The process of applying for a visa needed to live and work in Texas is complex, and there can be various setbacks along the way. One of the biggest threats to your immigration case is a felony criminal charge or conviction. Either of these things can lead to a dismissal of your case and possible removal from the United States. This is something to take seriously, and you will find it beneficial to learn about all of the legal options available to you.
A felony offense is a serious crime, and if convicted of this type offense, you could spend years behind bars. If you are in the process of applying for a green card or another type of visa, it can detrimental to your case. The specific ways a felony could affect your case depends on your current status, the type of visa you are seeking, the nature of the alleged crime and more.
A felony conviction and immigration status
Aggravated felonies carry particularly harsh penalties for those who are not citizens of the United States. These can sometimes include offenses that may otherwise be considered a misdemeanor offense or crimes of moral turpitude. Your current status will play a significant role in how an aggravated felony case affects your immigration status. Consider the following:
- Refugee status – You could face deportation due to a criminal conviction, or you may be unable to secure legal permanent resident status.
- Temporary lawful status – You could experience loss of your status and removal after conviction of two misdemeanors or one felony.
- Non-citizen without legal status – If you are an undocumented immigrant, you could face immediate deportation for a criminal offense.
- Legal permanent resident – You may be subject to deportation after a conviction. You could be detained, and you may spend extensive time behind bars if you return after your removal.
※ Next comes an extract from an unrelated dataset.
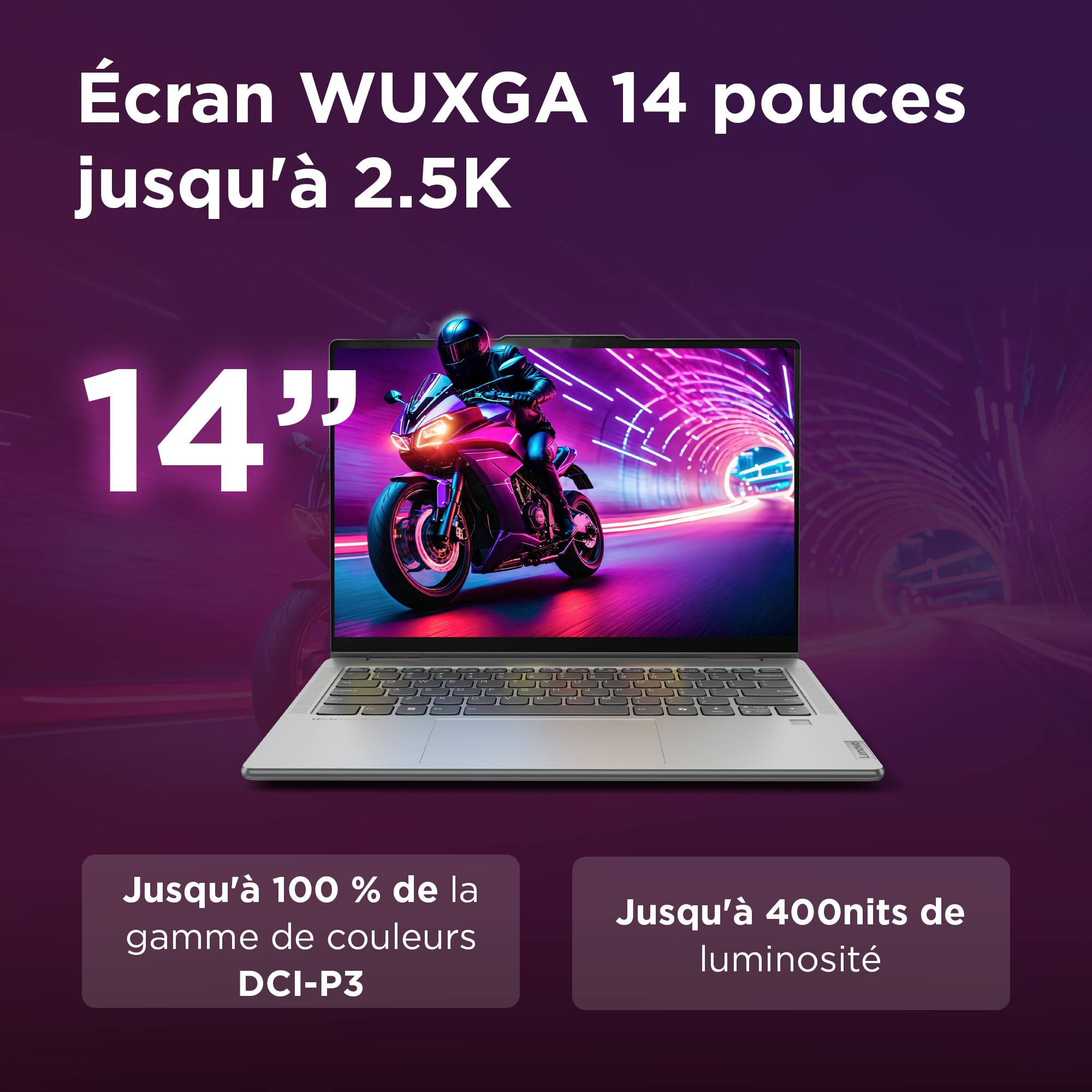 Lenovo Yoga 7 2-en-1 14AHP9 - Ordinateur Portable AI 14'' WUXGA OLED (AMD Ryzen 5 8640HS, RAM 16Go, SSD 512Go, AMD Radeon 760M Graphics, Windows 11 Home) Clavier rétroéclairé AZERTY Français - Gris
Immigration law is complex, as is criminal law. If you find yourself in a position where you are facing both a threat to your immigration status as well as the possibility of time behind bars, it is in your interests to take immediate action to learn of the legal options available to you. You will want to pursue an option that allows you to protect your immigration status or continue seeking your immigration goals, as well as defend your personal freedom.